Abrasive sand scraped along his back.

Opening his eyes, he scrambled to a new position on the side of the object, dragging his torso above the surface.

The sky remained dark, the wind strong, but the rain seemed to have eased. And there was something directly ahead — a strip of paler gray in the gloom.

A beach.

Vasil shifted to the rear of the object and pushed, ignoring the fiery protests in his weary arms, shoulders, and tentacles. He moved with an awkward combination of swimming and crawling, digging his front tentacles into the sand to force the object forward. The waves rolling toward the shore helped him along. Soon, the water was shallow enough that he didn’t have to swim.

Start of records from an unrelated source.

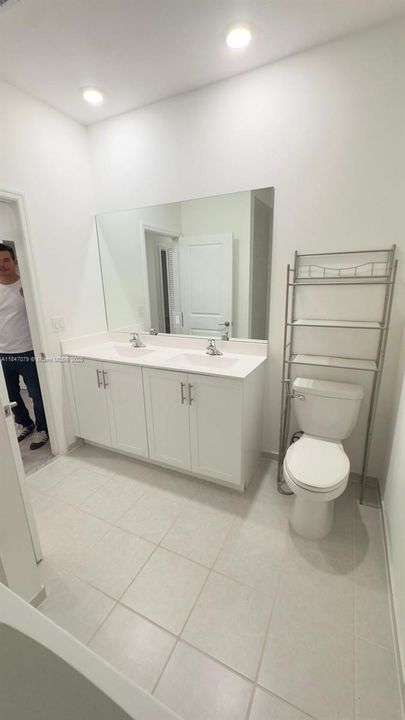 Недавно продано: $455,000 (3 спален, 2 ванн, 1832 Квадратных фут)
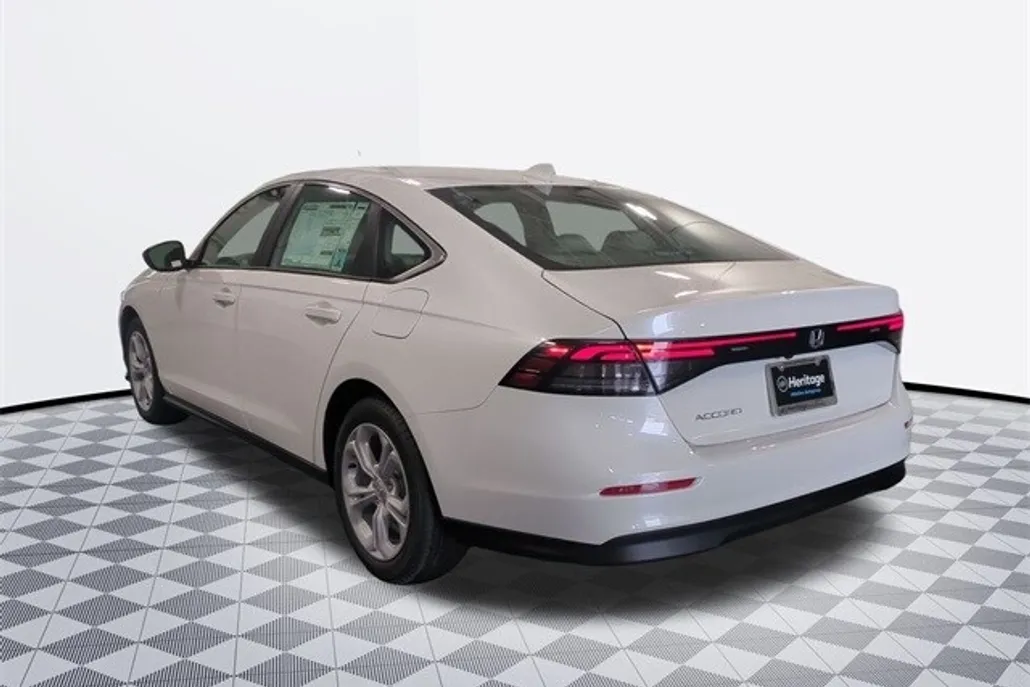 2025 Honda Accord LX photo 1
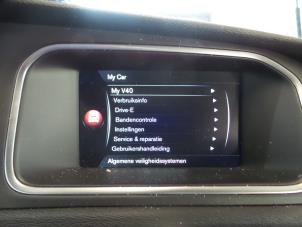 Volvo V40 2.0 D2 16V Épave (2015, Noir)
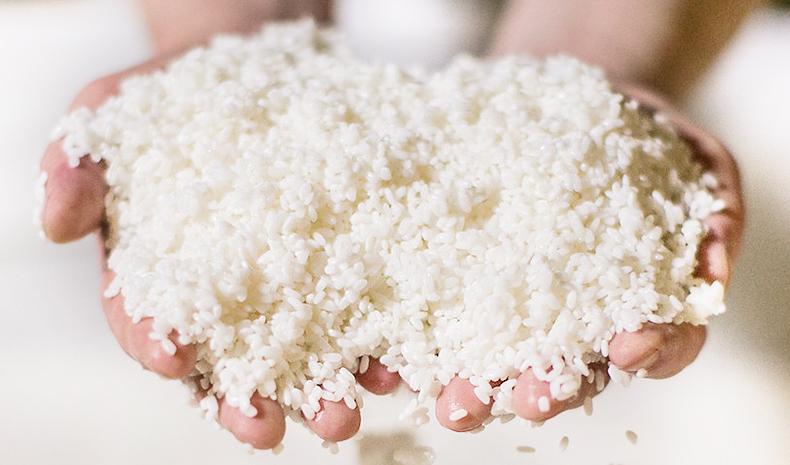 日本人用酒洗脸，60岁还没有皱纹，黑头粉刺全消失，整张脸白皙光滑，细腻弹润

The water steadily grew shallower until there was no swimming involved.

His advance faltered when the object’s underside finally struck sand. Vasil paused, chest heaving. His body craved rest; were he to collapse there, he would undoubtedly have fallen into a deep, exhausted slumber despite the surf flowing over and around him.

But the tide could not be trusted to safeguard either Vasil or the object. Even a slight rise in the water level would be enough to carry either of them back out to sea.

He spread his tentacles, lowered his head, clenched his jaw, and pushed.

The object was heavier than he’d expected now that it was partially on land, but the smooth curve of its underside — paired with the incoming tide — eased its journey just enough for him to gain ground. When the object tipped forward, he paused only long enough to lower his stance and adjust the positions of his hands before pushing again.

Slowly, he moved the object out of the water. He allowed himself not a moment’s respite until he’d pushed it beyond the driftwood and debris that marked the high tide line. Growling against the pain in his overexerted muscles, he gave one final shove before collapsing to the ground.